I didn’t have to tell Aya that I lived right on the water—that was the best address, the most expensive piece of real estate in an overpriced market. And the Syads and the Porters had the best of everything. Plus, she’d been there.

“My dad ran after him, telling Lev to give him back his phone.”

My father had been texting another woman. A woman he never met because of Lev’s death. In that, Lev got his wish.

“Lev yelled no, that he wouldn’t give back the phone and our dad should actually listen to our mom. That he should stop banging random chicks. Dad was too slow. I was too slow.”

I swallowed.

“Lev jumped out into the water. We weren’t supposed to do that, not at night, but he couldn’t have been thinking straight. He was so fucking high.” I gulped. “He must have tripped. He just…”

Aya wrapped her free arm around my biceps, tugging my whole arm against her pillowy chest. Reliving that night was the deepest hell, one I typically refused to acknowledge.

Maybe that’s why it took me a full minute to realize I was crying. Aya dropped my arm and pulled me into her embrace. I pressed my nose against the juncture of her shoulder and neck. I sobbed and blubbered and shook as the loss of Lev rolled over me, pulling me under, not unlike the lake that later spat my brother’s limp, broken body onto the shore.

“He was my best friend,” I gasped, my entire body shuddering.

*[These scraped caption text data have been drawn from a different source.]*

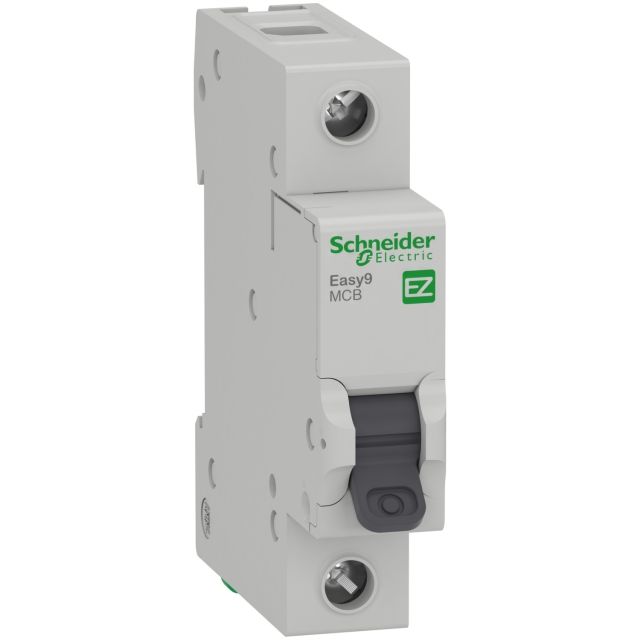 Schneider Elektrik - Schneider Electric Easy9 Mcb 1P 6A B 3Ka 230V Anahtarlı Otomatik Sigorta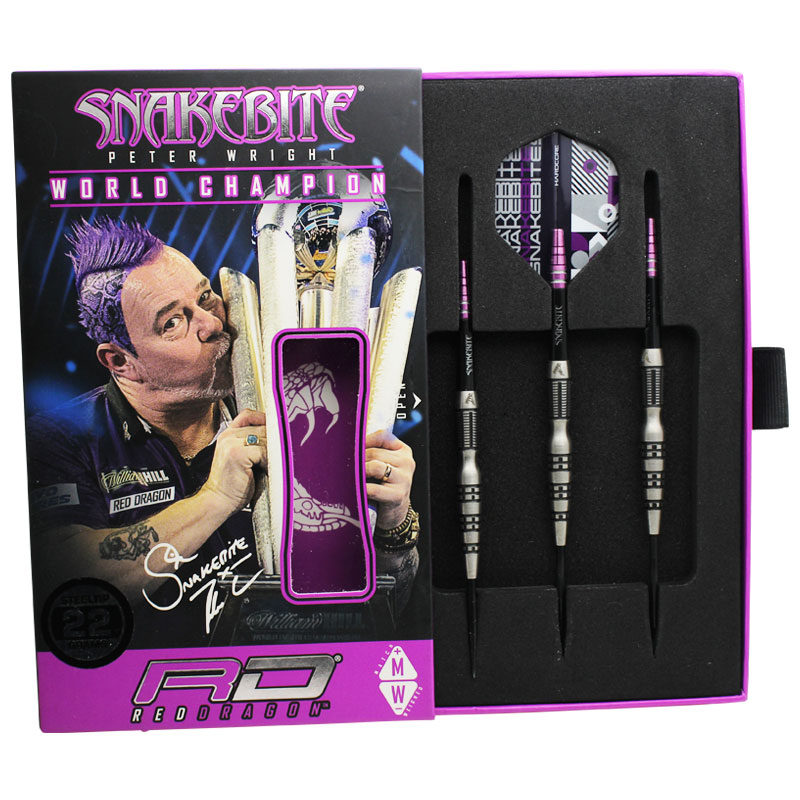 レッドドラゴン ピーターライト ブラックレーサー スティール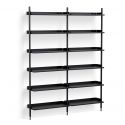 HAY Pier Shelving System 102 - 2 Columns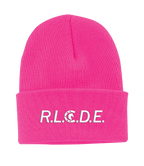 REFUGES EMBROIDERED ''RLCDE'' - BEANIES
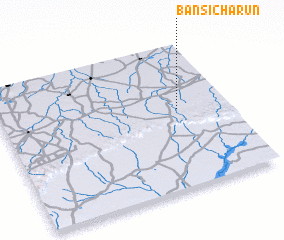 3d view of Ban Si Charun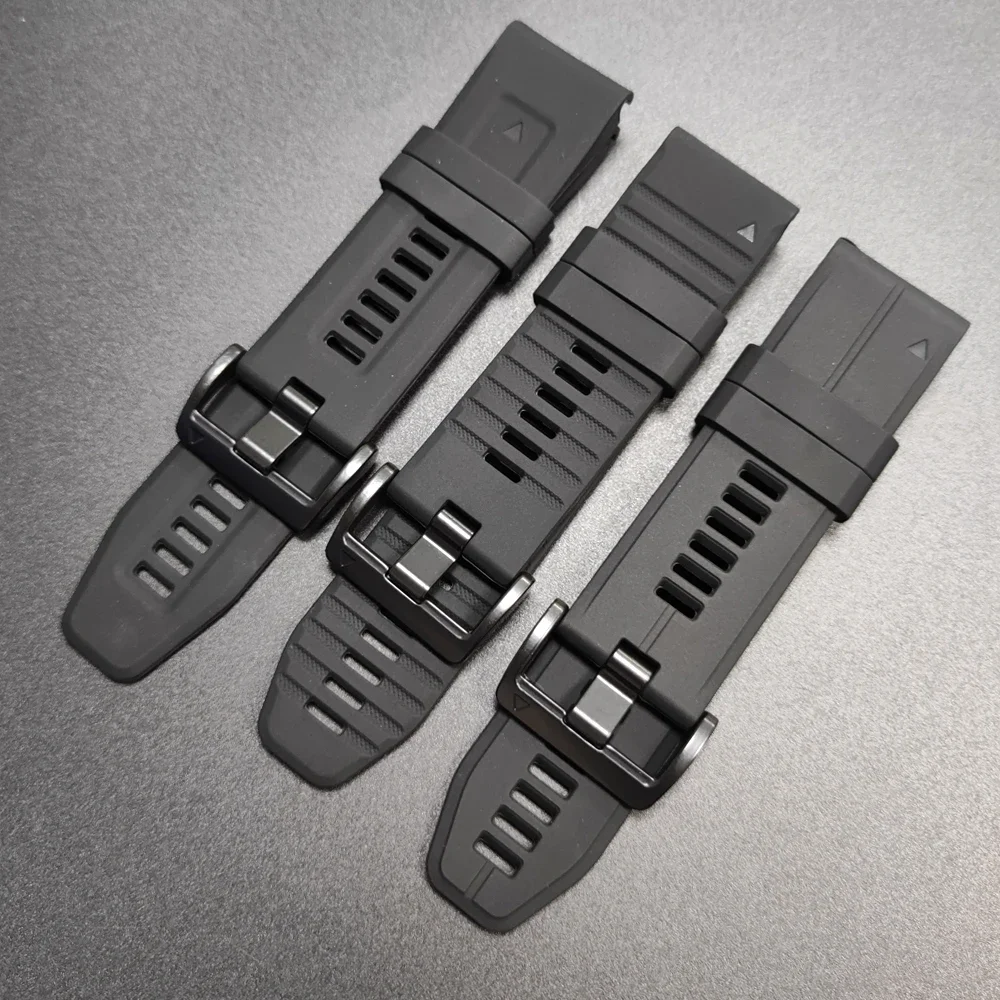 Enhanced Silicone Sport Strap | Soft Quickfit Band | 22/26mm | Premium Performance Bracelet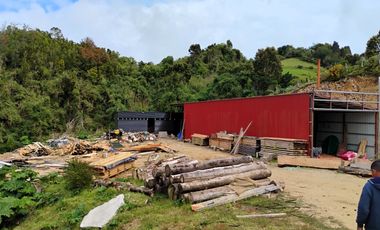 Se venden tres propiedades en Chiloé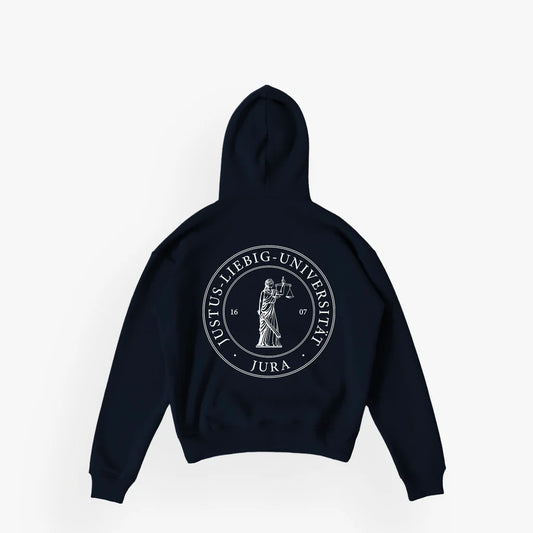JJLU · Studios Essentials Hoodie N°2 French Navy · 23X155-1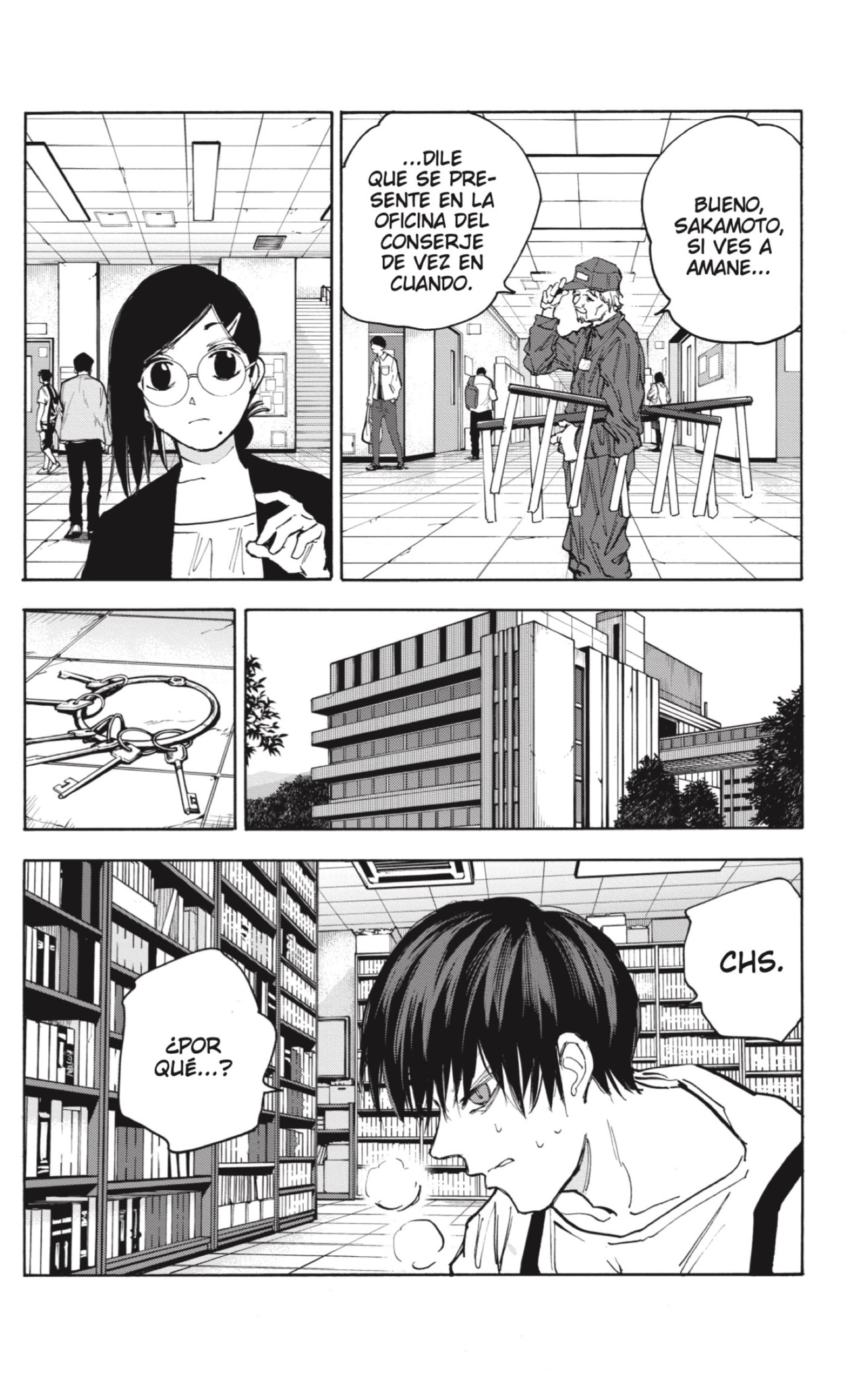 Read Sakamoto Days es Manga Online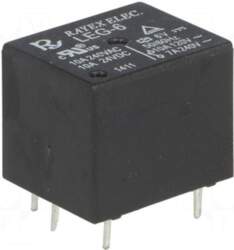Recoy/RAYEX ELECTRONICS Relay: electromagnetic | SPDT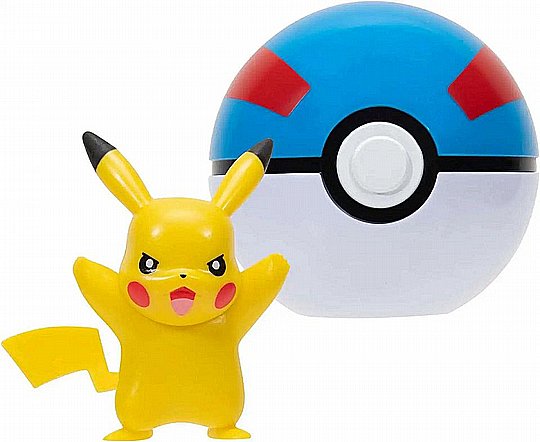 ������� � Pikachu + Great Ball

And that was the real reason I’d kept Hugh at arm’s length. He wasn’t Lev. Neither was Aya. No one could replace my big brother.

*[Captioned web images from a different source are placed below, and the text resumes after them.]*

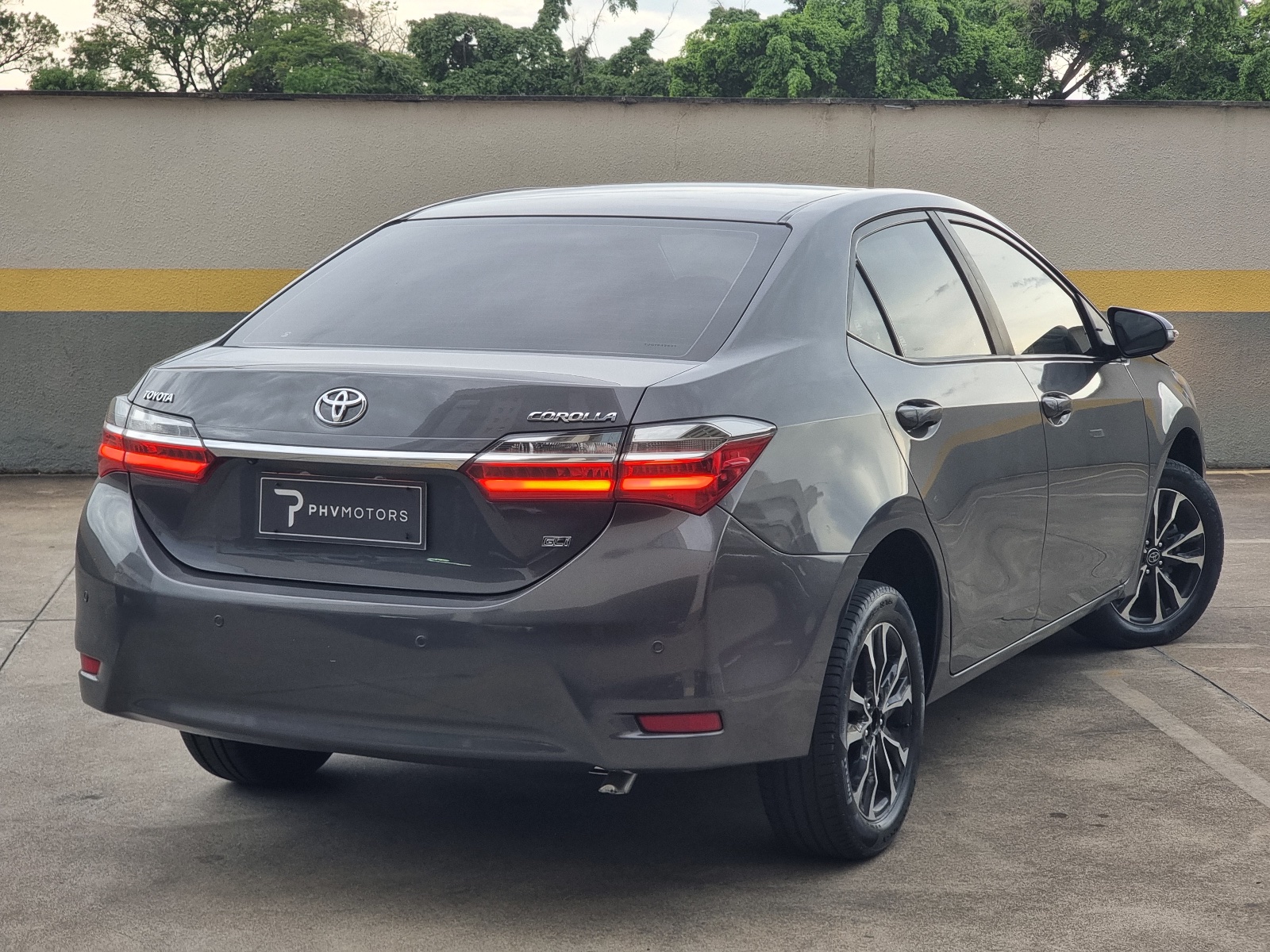 Toyota Corolla GLi 1.8 Flex 16V Aut., foto 4 de 13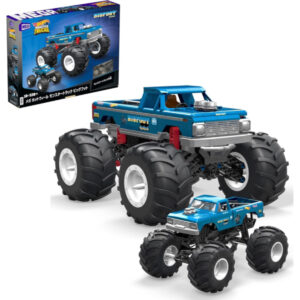 Mega Hot Wheels Monster Truck Includes 1 Diecast Car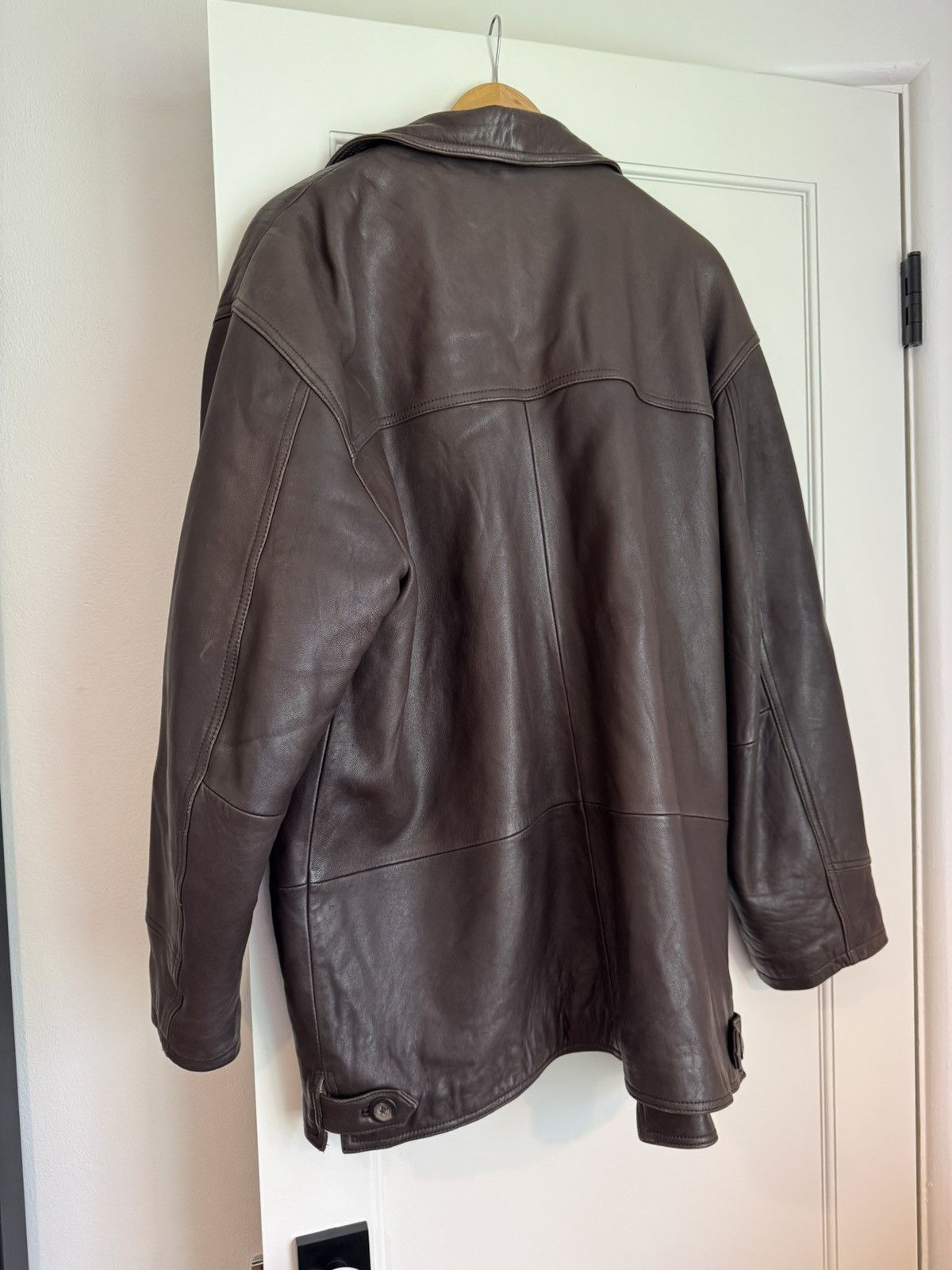 Other Vintage espresso leather chukkers jacket Size US XL / EU 56 / 4 - 7 Thumbnail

Aya said nothing. She held me, rocking as my sobs grew in intensity. Once I calmed some, she said, “That’s why you were so worried about me—all those years ago. You’d been taught to be careful in the water.”

“Always.”

She nodded, and I liked the feel of her silk hair shifting against my skin.

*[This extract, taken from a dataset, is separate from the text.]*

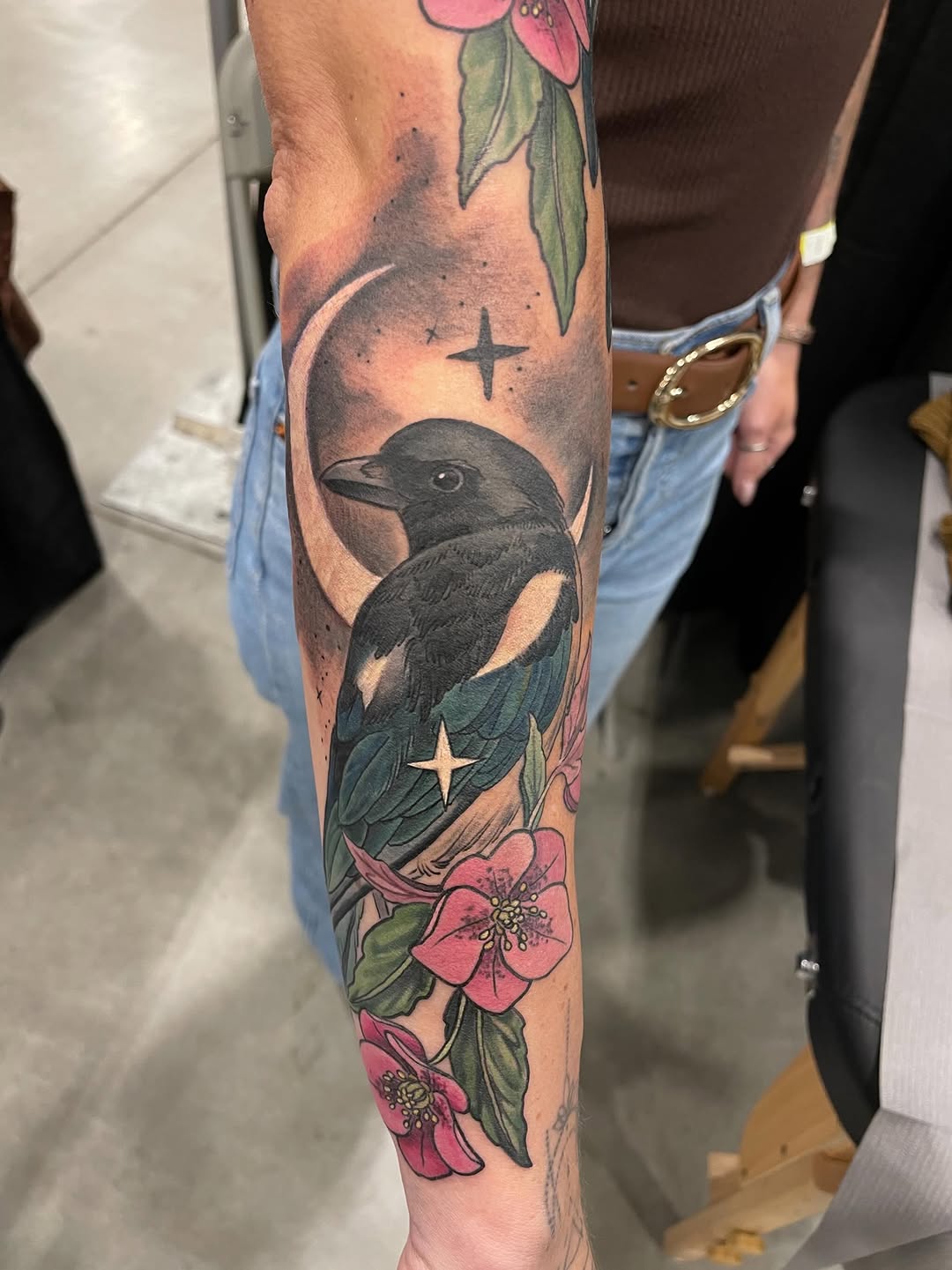 Tattoo by @tattoosbyhayven — realism, black_and_grey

“Are you ready to finish it?”

I licked my lips, tasting the wetness of my tears—or maybe remembering the water on my face.

“Our neighbor heard the yelling, I guess. He came out, he called the cops, he pulled me out of the water before…before…”

Before I drowned, too. Because I wouldn’t have stopped searching.

“He’s the guy you talk to?”

“Yeah. Cam. Camden Grace.”

She hummed deep in her chest. “Tell him thank you for me—thank you for saving your life.”

“He did, didn’t he?” I muttered. “I hadn’t realized. I should thank him myself.”

Aya nuzzled her nose against my cheek. “I bet he doesn’t want it,” she whispered into my ear. “I bet he’s glad you’re here, and that’s enough for him. I know that’s how I’d feel in his position.”

Eventually, I pulled back, my eyes downcast, embarrassment swirling through me.

Part of me wanted to dive into the fancy car idling at the curb. Part of me wanted to lash out at Aya for making me talk about Lev, for making me remember and feel.

But instead Aya cupped my cheek, lifted up on her tiptoes, and kissed me. It was a soft, simple brush of her lips across mine.

This touch of lips seemed to say: I see your grief, and I want to make it better. You mean something to me. You are special.

I let my mouth respond: You mean something to me, too. You see me, and you being here with me makes my life better.